Brief descriptive captions
= Beginning of Section =

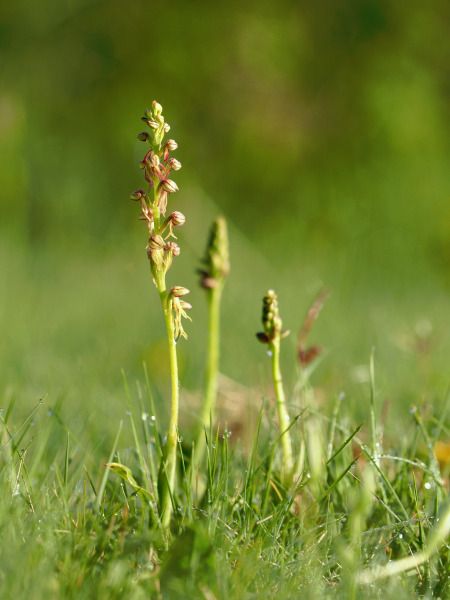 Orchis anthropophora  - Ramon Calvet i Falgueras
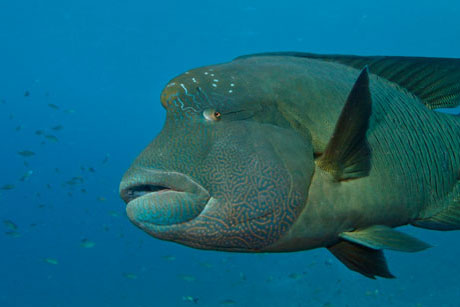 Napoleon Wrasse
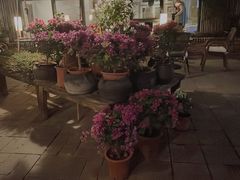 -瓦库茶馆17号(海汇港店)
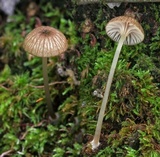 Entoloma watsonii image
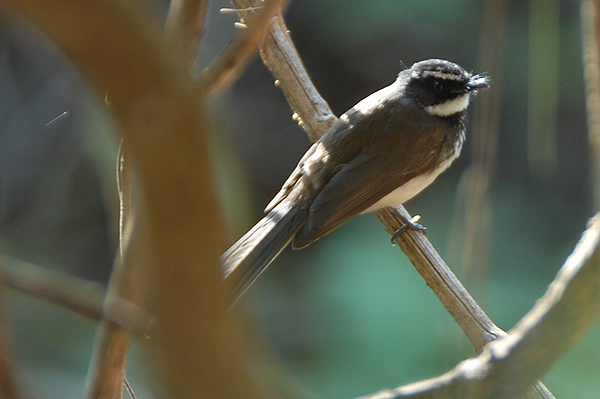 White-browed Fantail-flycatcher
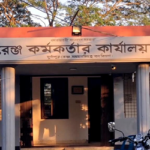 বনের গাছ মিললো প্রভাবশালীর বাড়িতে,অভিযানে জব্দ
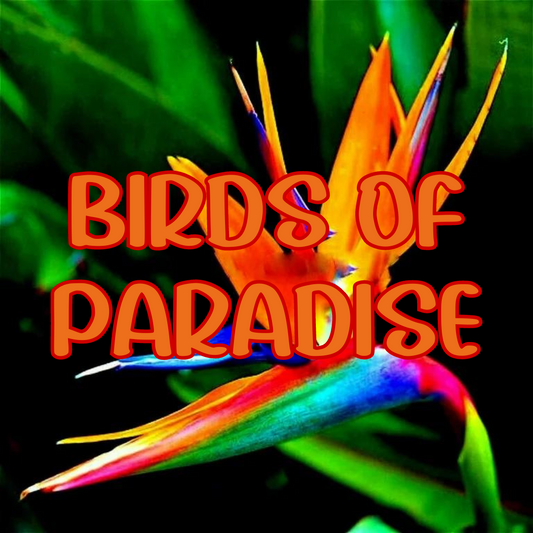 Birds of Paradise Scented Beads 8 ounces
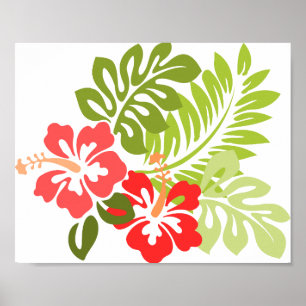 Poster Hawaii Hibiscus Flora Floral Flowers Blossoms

= End of Section =

Once the line containing "White-browed Fantail-flycatcher" is found in the records above, it and every line after it up to the last must be repeated exactly, without pictures.

 White-browed Fantail-flycatcher
 বনের গাছ মিললো প্রভাবশালীর বাড়িতে,অভিযানে জব্দ
 Birds of Paradise Scented Beads 8 ounces
 Poster Hawaii Hibiscus Flora Floral Flowers Blossoms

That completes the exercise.